V3 adds optional Bedrock permissions for runner instances. When enabled, the runner instance profile can invoke Bedrock-compatible agents from the job environment. RunsOn does not install or configure an agent for you; it only gives the runner the AWS permission surface.

To activate it, set EnableBedrock in CloudFormation or enable_bedrock in Terraform. You still need to make sure the Bedrock model is enabled in your AWS account; see the Bedrock setup tip for that part.

test-bedrock-access:
  permissions:
    contents: read
    pull-requests: write
    issues: write
  runs-on: runs-on=${{ github.run_id }}/runner=2cpu-linux-x64
  timeout-minutes: 10
  steps:
    - uses: actions/checkout@v6
      with:
        fetch-depth: 2

    - name: OpenCode Bedrock test
      uses: anomalyco/opencode/github@77fc88c8ade8e5a620ebbe1197f3a572d29ae91a
      env:
        GITHUB_TOKEN: ${{ secrets.GITHUB_TOKEN }}
        AWS_PROFILE: runs-on
      with:
        model: amazon-bedrock/us.anthropic.claude-sonnet-4-6
        use_github_token: true
        share: false
        prompt: |
          This is a Bedrock-only end-to-end smoke test.
          Use the configured Amazon Bedrock model and return one short sentence confirming the model responded.
          Do not review code, modify files, create commits, create branches, open pull requests, or write code comments.
          Do not post comments except for the action's own status comment.

AWS cost budget

The old daily minutes alarm was specific to RunsOn. V3 moves the default budget control closer to the thing you actually pay: AWS spend.

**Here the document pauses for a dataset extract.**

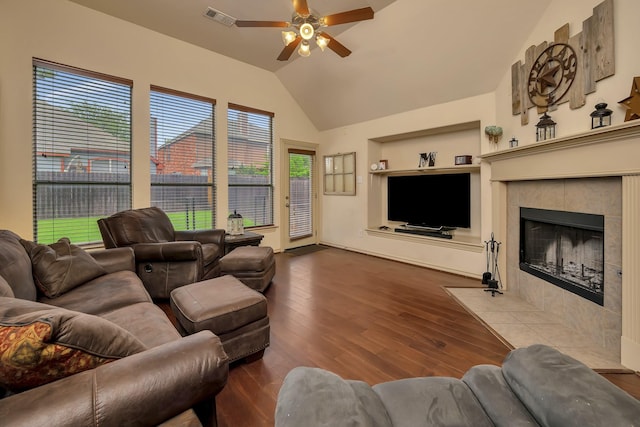 living room featuring ceiling fan, visible vents, wood finished floors, a tile fireplace, and vaulted ceiling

AppBudgetDailyUsd in CloudFormation and app_budget_daily_usd in Terraform create an AWS daily cost budget filtered by the RunsOn cost-allocation tag.

AWS Budgets detail page showing a RunsOn daily app budget — The v3 budget setting creates a daily AWS cost budget for the RunsOn stack.

To use it, set the daily budget amount and make sure the cost-allocation tag is active in AWS Billing.

Migration note

RunsOn v3 should be treated as a migration, not a routine stack update.

For most existing users, the clean path is to deploy a fresh v3 stack, register the new GitHub App, test representative workflows, and then move traffic over once the new stack behaves as expected.

If you are coming from v2, read the v3 migration guide before changing production.